Still Better Than Anything The Walking Dead Attempted

The later seasons of Game of Thrones weren’t the show it used to be. The writing had gotten faster, looser, more interested in spectacle than in the slow-burn consequence that made the early seasons genuinely great. You felt it in the dialogue, in the way plot points that once would have taken a full season to develop now resolved themselves inside a single episode. But even at its most frantic and fan-service-y, it was still better television than almost anything else on at the time. Which, yes, is partly a condemnation of the competition—The Walking Dead had long since eaten itself alive by then.

The Season 7 trailer had all the expected pieces in their expected positions: Daenerys finally arriving in Westeros after six seasons of continent-hopping, Jon Snow bracing for the White Walker army, Arya somewhere deep in a blood rage. The chess board reshuffled again. The trailer did what Game of Thrones trailers always did—communicated scale, accumulated weight, the sense that years of setup were finally paying out—without actually showing anything you could spoil.
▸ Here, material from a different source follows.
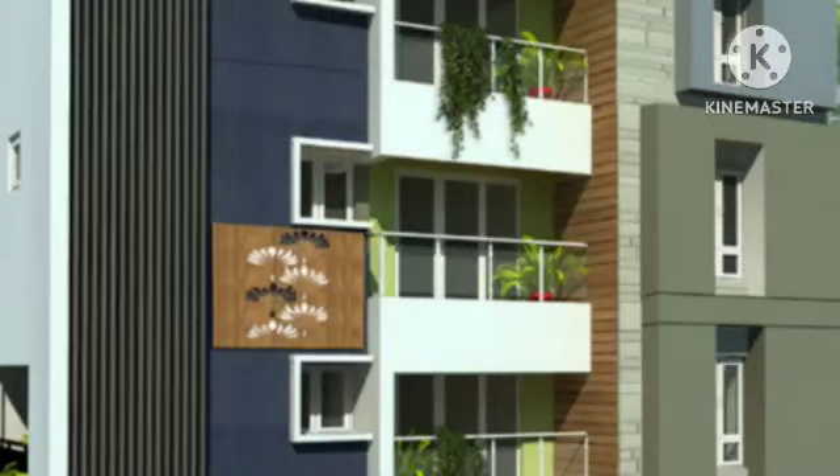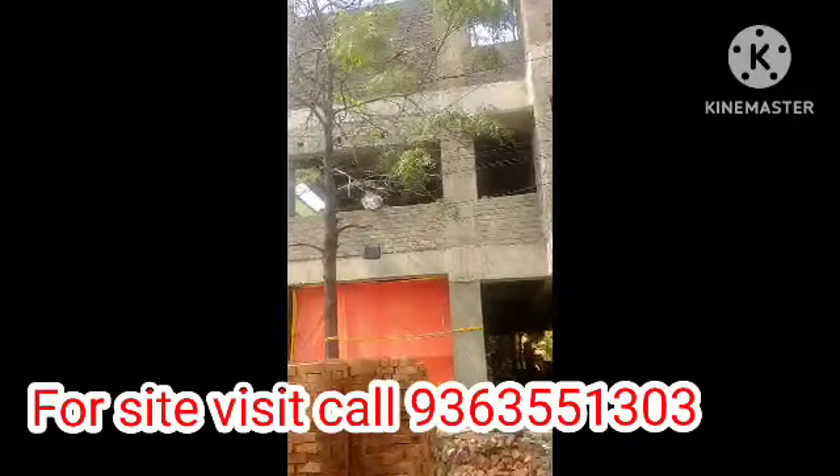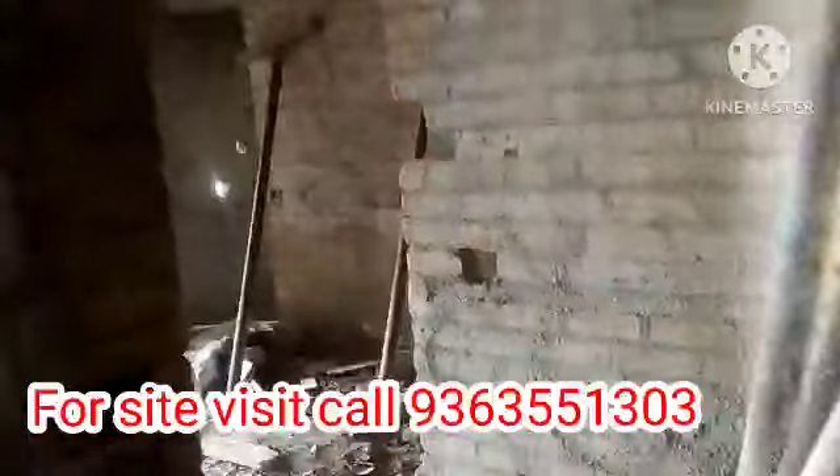Hello friends! We are going to see an under construction flat. There is a Zamin Palla. There are eight flats in the apartment.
I remember watching it and feeling that specific mix of anticipation and preemptive disappointment the show had trained into me by that point. The dragons would look incredible. The set pieces would be enormous. Whether the writing would hold up the architecture was less certain. As it turned out, the architecture wobbled considerably across Season 7—but there were still moments that reminded me exactly why I’d ever cared this much in the first place. Which might be the most honest thing you can say about a show in decline: it could still, occasionally, reach back and grab you.